With such ideals in mind, he skewers creationists in Kansas, sanctimonious Joseph Lieberman ("a moral throwback") and John Ashcroft. He attacks these people not as examples of America's essence, but as betrayals of it. Perhaps this idea of America is far from the country that actually exists, but then again, it's closer to the truth than the land of god-bothered virgins, wholesome clergy and righteous capitalists envisioned by those who claim a monopoly on national definition.
In this context, the lovely, playful meditation on "The Wizard of Oz" that opens the book is especially well chosen. In it Rushdie argues that the real moral of that American fairy tale has nothing to do with the movie's disappointingly conservative ending, with Dorothy waking up to accept the drabness of Kansas and the "limitations of her home life." Instead, Rushdie turns to the L. Frank Baum books, in which Oz was no dream, Dorothy gets to go back to the fairy kingdom, and "Oz finally became home; the imagined world became the actual world, as it does for us all." The American dream, as Rushdie sees it, doesn't lie in settling for some colorless heartland 'burb, but in the freedom to build a life in the most dazzling place you can find.

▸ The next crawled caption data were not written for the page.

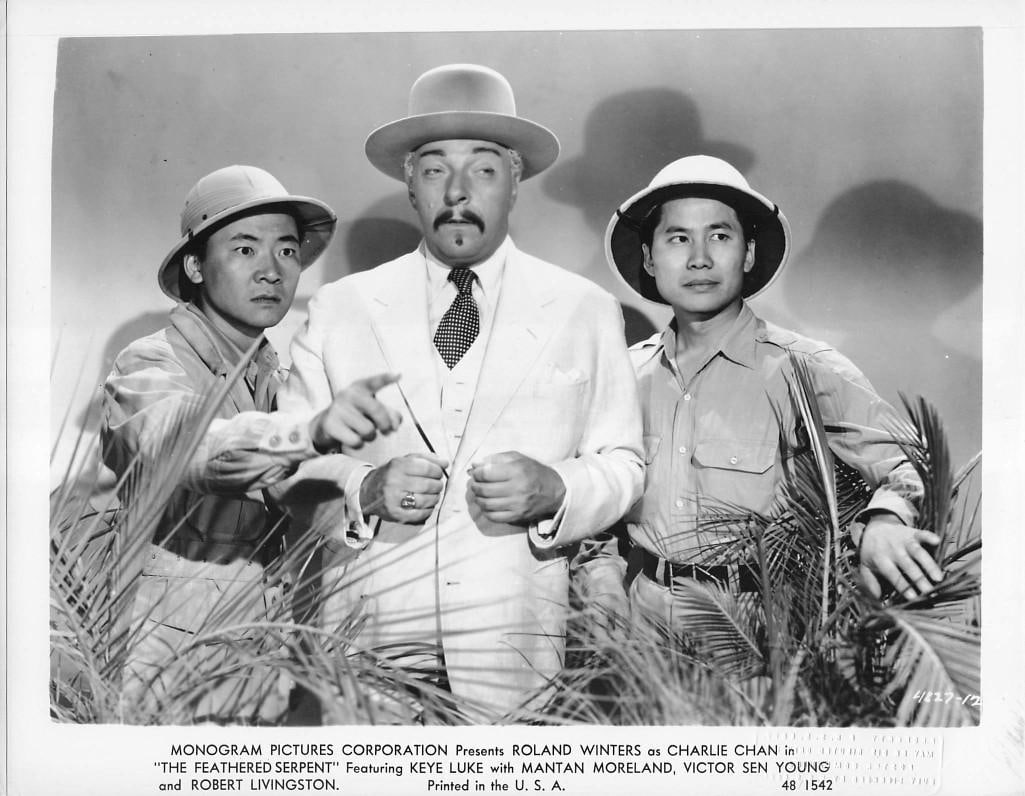 Feathered Serpent - Stills: Quantity: 17 Year: 1948 Condition:B+ Country: U.S.A Studio: Monogram Size: 8x10 Genre: Crime Stars: Ronald Winters, Victor Sen Yung, Mantan Moreland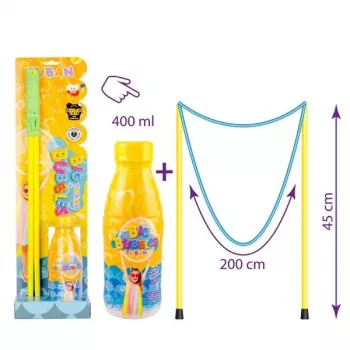 Rinkinys dideliems burbulams su virvele ir skysčiu 400 ml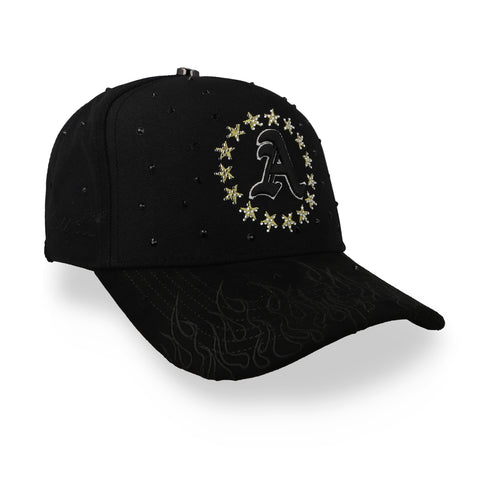 Gorra All In Star Fire Golden 26 Negro Unitalla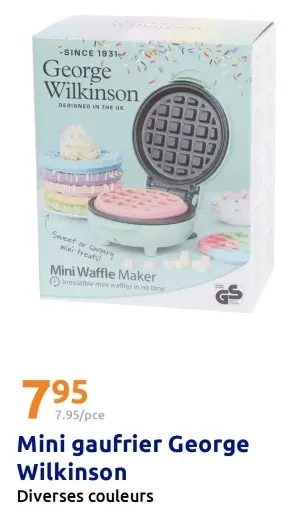 Offre: Mini gaufrier George Wilkinson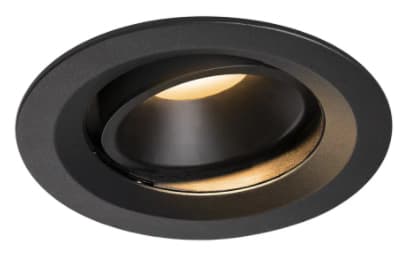 SLV NUMINOS MOVE DL M, Innsunket spotlight, 1 ampuller, LED, 2700 K, 1460 lm, Sort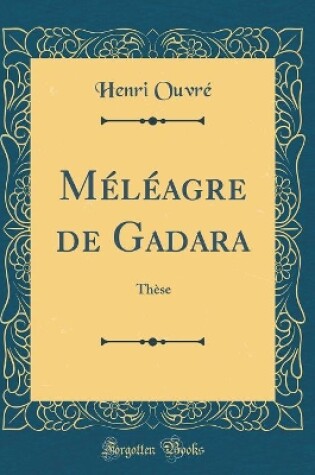 Cover of Méléagre de Gadara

Rushdie the cosmopolitan is a defender of an idea even less fashionable, at the moment, than moral relativism -- secular humanism. It's a cause some of our best thinkers, such as Hitchens and Martin Amis, are increasingly taking up. Though hardly politically expedient, the fight against religion's tyranny makes intellectual and emotional sense right now. It could even replace the struggle against first-world imperialism as the organizing principle of radical thought, encompassing as it does the fight against the lunatics of al-Qaida, the butchers in Gujarat, the hard-line settlers in the West Bank, the rapists in the Catholic Church, the bombers of abortion clinics and, of course, our own attorney general.
Amis said it best in a June essay for the Guardian: "Since it is no longer permissible to disparage any single faith or creed, let us start disparaging all of them. To be clear: an ideology is a belief system with an inadequate basis in reality; a religion is a belief system with no basis in reality whatever. Religious belief is without reason and without dignity, and its record is near-universally dreadful." Rushdie echoes this sentiment -- as he writes in an enraged reaction to the killings in Gujarat, "[I]n India, as elsewhere in our darkening world, religion is the poison in the blood ... What happened in India, happened in God's name. The problem's name is God."
But elsewhere Rushdie goes beyond mere denunciation, turning atheism into a celebration rather than a rejection. In a delightful 1997 letter to the newly born 6 billionth person in the world, he encourages us to join Voltaire's battle, "the revolution in which each of us could play our small, six-billionth part: once and for all we could refuse to allow priests, and the fictions on whose behalf they claim to speak, to be the policemen of our liberties and behavior." He ends hopefully, "Imagine there's no heaven, my dear Six Billionth, and at once the sky's the limit."